Learning from Nicolette Johnson, a Ceramics/Visual Arts Teacher

Watercolor Self Portrait

Tell us about yourself and your art journey.

I’ve taught visual arts and ceramics at New Hanover High for the past 8 years.  I graduated from UNC-Greensboro with a BFA in Art Education and a concentration in design. I consider myself a designer that ‘solves problems’ using art. Being an art teacher is my dream job, and I often forget it’s a job because it keeps me on my toes.

What do you have to offer other artists?

I have some basic videos on a youtube channel: https://bit.ly/3j2AWY8 (‘The Art of Herding Cats’)

They’re mainly to support my students but there are some videos that could interest beginners in some fun activities. I upload at my own leisure and don’t usually read comments, so if you have questions it’s always best to email me directly.

What is your favorite media and what media would you suggest that a beginning artist start with?

“I prefer to jump around from medium to medium. I use materials that suit what I’m working on and that I can afford. 

For 2D work, I prefer graphite pencils or watercolor and think they’re both great for beginners. If you start with pencils, get a ‘B’ grade that can do darker than the normal ‘HB’. It will really help your drawing ‘pop’. Watercolors have a softer feel than acrylics, but also won’t ruin your paintbrushes if you forget to clean them thoroughly. 

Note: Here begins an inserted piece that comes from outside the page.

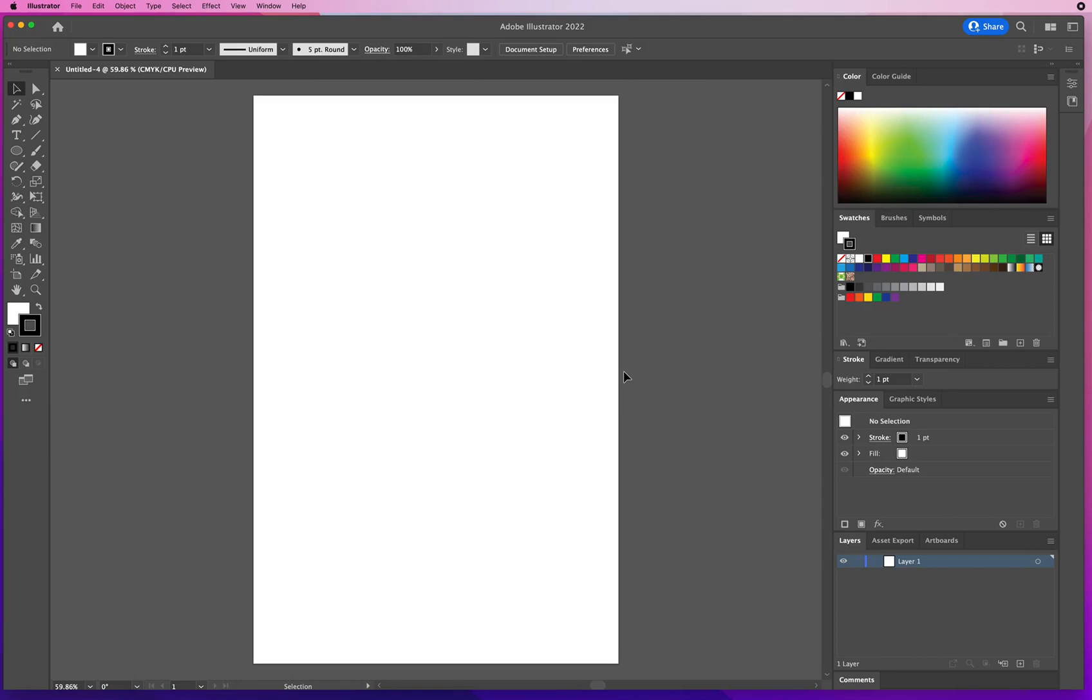In this Adobe Illustrator demo, I want to show you what your tilde key can do in combination with your geometry tools. Don't worry, I'll explain what the tilde key is.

For 3D, I recommend basic cardboard for geometric shapes or wire and pliers for organic shapes. Clay is a great 3D medium, but it can get expensive quick with all the materials you need.

What is your style of art to you prefer to create?

I prefer any style that suits the problem at hand, but one I want learn more about is illustration. Combining words and art together interests me, but I’m lacking in the word department!

Who are your favorite artists?

I’m always trying to learn about new artists, so it changes often. 

Right now, I’m learning about Nampevo, a potter from the Tewa Corn clan from the beginning of the twentieth century. I can’t handle clay myself right now because of a eczema flare up on my fingers, so  at least admiring the designs has been refreshing.

Nampeyo Showcase at the Arizona State Museum

Wikipedia article on Nampeyo.

Who is an artist or artists you’d love to be compared with?

I feel it’s better to work with other artists than in competition with them.

Where do you get inspiration?

I either get inspiration from my students and their interests or in everyday problems that need to be fixed. 

Technology has come a long way in offering inspiration, but it can also get overwhelming. It’s important to find a balance.

Any suggestions for a productive & comfortable work space?

A bright window on a sunny day makes for a great tracing table for basic outlines. I’ve always wanted a drafting table, but I don’t know where I would fit it in my tiny apartment. 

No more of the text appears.